Input for this task:
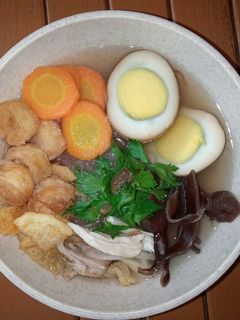 Foto resep Timlo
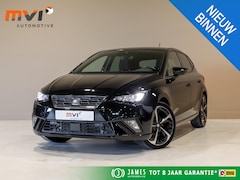SEAT Ibiza - 1.0 EcoTSI FR Business Connect / 115pk / Achteruitrijcamera / Apple Carplay / Airco / Stoe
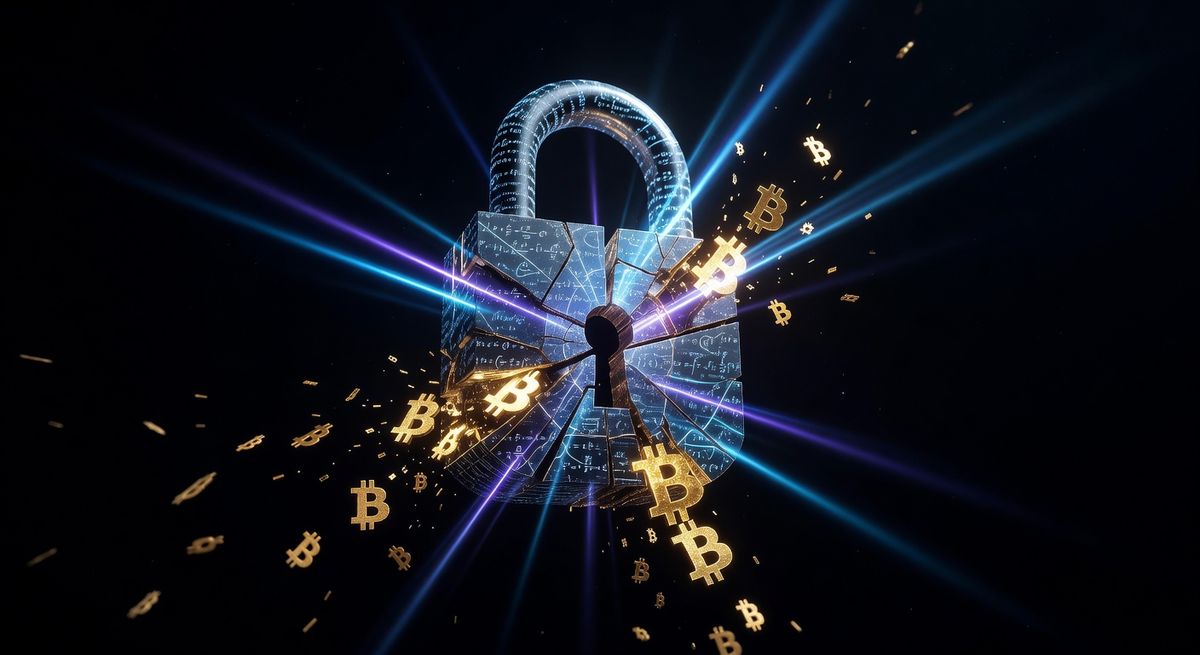 Elliptic Curve Cryptography คืออะไร และทำไมมันถึงเปราะบาง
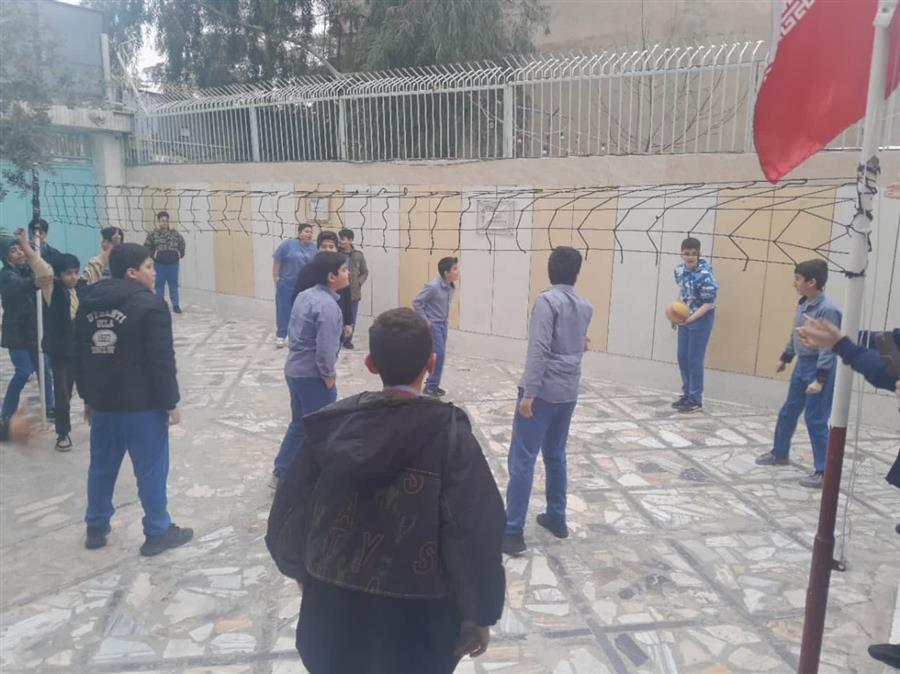 مسابقات هفت گانه دهه مبارک فجر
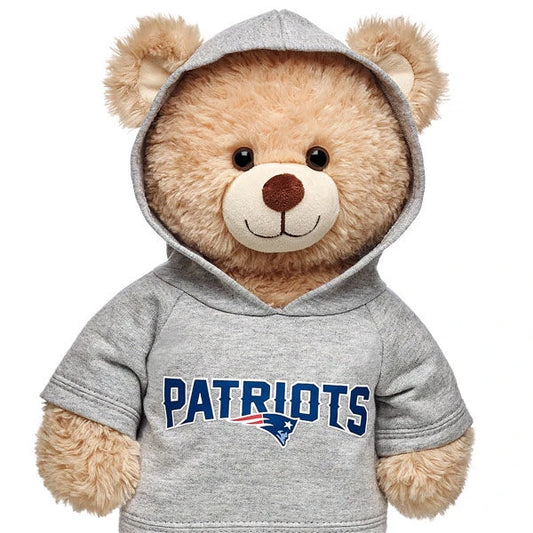 New England Patriots Hoodie - US 9004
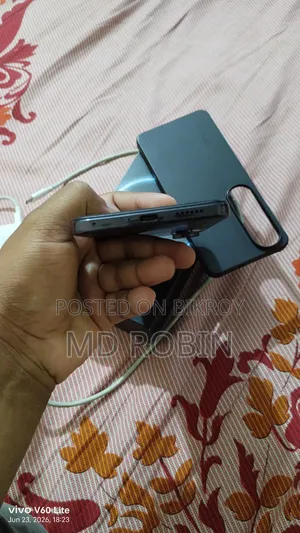Vivo V50 Lite 4G 128 GB Black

Directions: Leaving the pictures aside, transcribe only the lines from the one containing "مسابقات هفت گانه دهه مبارک فجر" to the final line of the listing above, inclusive, exactly as they appear.

Finished task:
 مسابقات هفت گانه دهه مبارک فجر
 New England Patriots Hoodie - US 9004
Vivo V50 Lite 4G 128 GB Black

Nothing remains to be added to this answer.